» DATASET EXTRACT

=== Section Start ===

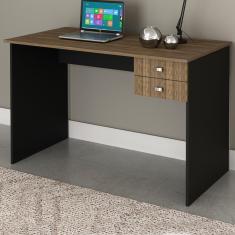 Imagem de Mesa Escrivaninha 2 Gavetas Nogal/preto Me4165 - Tecno Mobili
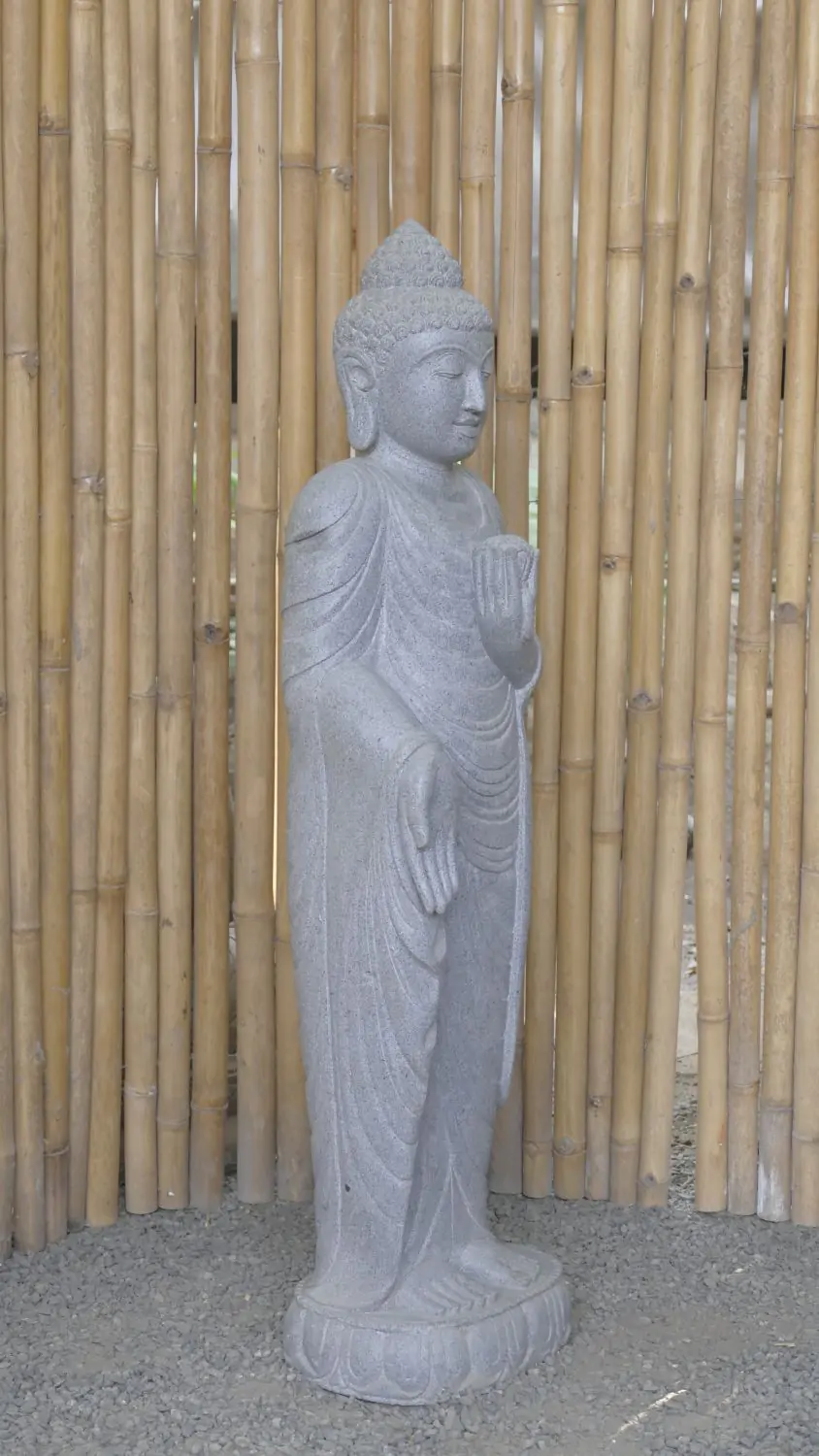  Product image 5 of the product “Standing Buddha with Lotus Flower, ca. 120 cm H ”
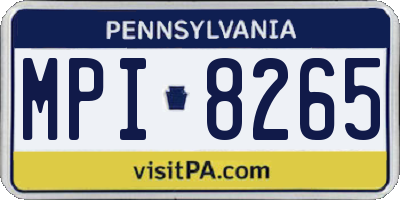 PA license plate MPI8265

=== Section End ===

» WHAT TO DO
Give back the whole listing exactly as written. Do not include any picture.

» THE ANSWER
 Imagem de Mesa Escrivaninha 2 Gavetas Nogal/preto Me4165 - Tecno Mobili
  Product image 5 of the product “Standing Buddha with Lotus Flower, ca. 120 cm H ”
 PA license plate MPI8265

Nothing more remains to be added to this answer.